In clinical settings, a mental health diagnosis requires more than the presence of symptoms. Functional and social impairments must also be considered, which is why face-to-face interviews remain the gold standard for diagnosis.
Australia's National Survey of Mental Health and Wellbeing reports that clinically significant mental disorders in young people rose from 26 per cent in 2007 to 39 per cent in 2022 — a figure experts say offers a more realistic assessment than the 74 per cent reported in CATS.
Global data gaps
Researchers also note a glaring gap in global data.
A review of over 1,800 research studies identified just 139 eligible studies on youth depression and resilience, the majority from high-income countries and focused largely on female and cisgender participants. Very few came from low- and middle-income countries, despite these regions being home to the majority of the world's youth.
The Lancet Psychiatry Commission on Youth Mental Health has also stressed the need to address deeper social and economic forces — including widening inequality, digital overexposure, and environmental pressures — that are believed to be driving the mental health crisis in young people.
While the precise effects of these megatrends remain under investigation, the Commission warns that expanding access to evidence-based mental health care cannot wait.
Experts agree that only with robust, culturally sensitive, and diverse research can the world hope to design effective responses. Without it, many young people will continue to fall through the cracks, underserved and misunderstood at a time when mental health support is needed most.
According to WHO, many young people around the world are struggling with depression, anxiety, and emotional distress, but the only way to properly understand the size of the problem is through accurate and reliable checks, not just basic questionnaires or short tests.

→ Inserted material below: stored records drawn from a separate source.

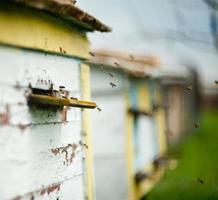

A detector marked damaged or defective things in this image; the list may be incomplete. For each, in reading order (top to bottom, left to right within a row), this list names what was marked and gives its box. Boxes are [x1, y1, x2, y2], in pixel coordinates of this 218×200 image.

chipped paint surface [0, 45, 86, 200]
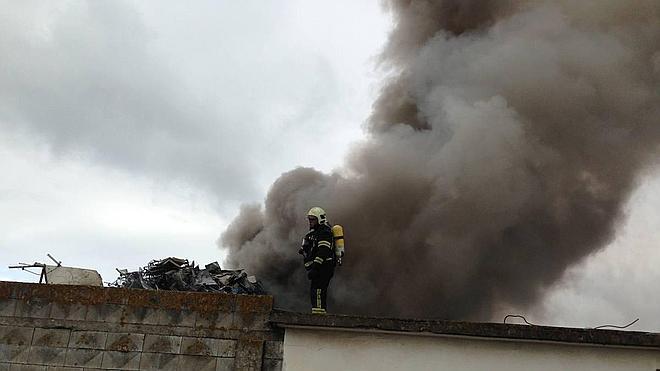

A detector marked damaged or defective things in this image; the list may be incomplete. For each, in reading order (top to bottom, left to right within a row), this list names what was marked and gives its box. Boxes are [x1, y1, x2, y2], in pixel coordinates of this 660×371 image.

rusty metal debris [111, 258, 266, 294]
burnt debris [113, 258, 266, 296]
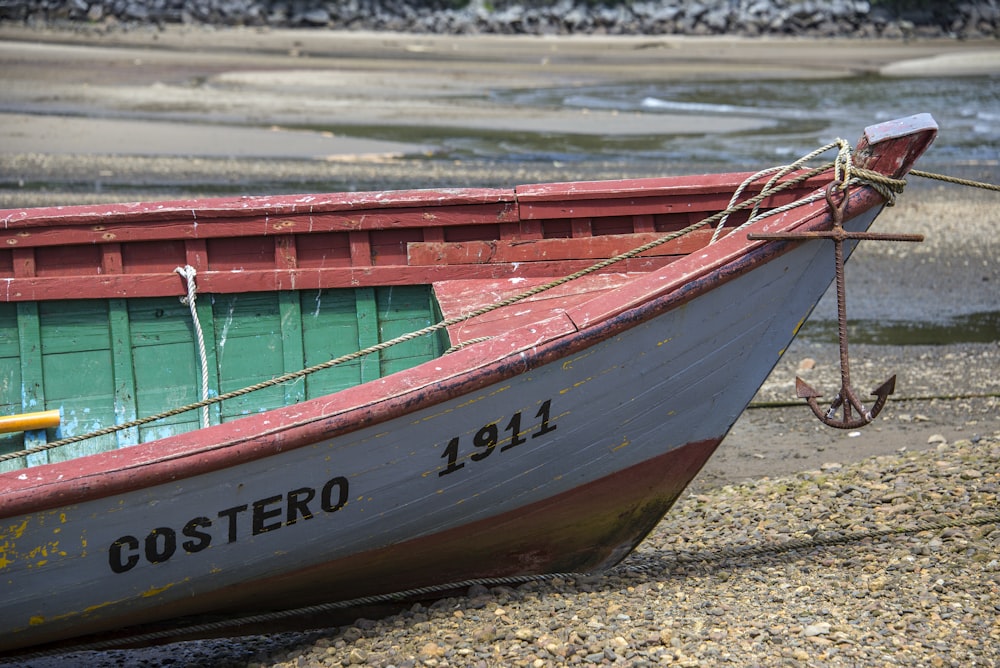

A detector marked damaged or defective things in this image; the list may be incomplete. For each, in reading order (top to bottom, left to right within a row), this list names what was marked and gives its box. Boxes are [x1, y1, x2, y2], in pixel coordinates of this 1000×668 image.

rusty anchor [748, 183, 924, 430]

WHO says mental health cannot be measured by symptoms alone. Health workers are advised to take a closer look at how long a young person has been feeling unwell, how much their daily life is affected, and whether the problem is serious enough to require help.
WHO warning
The organisation also warns that many quick tests, often used in schools or clinics, are only meant to flag a possible problem, not confirm a diagnosis. These early tests must always be followed by a full conversation between the young person and a trained health worker.
Cultural background, family life, and local living conditions also play a big part, WHO notes. What looks like a mental health issue in one country might not be seen the same way elsewhere. For example, a child struggling at school after losing a parent or facing hunger may not be mentally ill, but is reacting to a difficult situation.

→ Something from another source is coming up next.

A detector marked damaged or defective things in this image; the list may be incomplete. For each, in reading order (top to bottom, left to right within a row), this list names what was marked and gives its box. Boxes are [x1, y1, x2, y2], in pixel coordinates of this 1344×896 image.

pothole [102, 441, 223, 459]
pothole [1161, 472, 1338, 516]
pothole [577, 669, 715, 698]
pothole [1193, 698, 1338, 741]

WHO stresses that feeling sad, stressed, or worried — especially during teenage years — is a normal part of growing up. But when these feelings become overwhelming and start to affect friendships, schoolwork, or home life, it could be a sign of a deeper problem.
The organisation recommends face-to-face check-ups with trained health staff as the best way to understand whether a young person is in trouble and what kind of support they might need.
WHO says that only by using clear, fair, and well-tested ways of assessing mental health can countries avoid two common mistakes: either underestimating the problem and leaving young people without help, or overestimating it and stretching health systems too thin.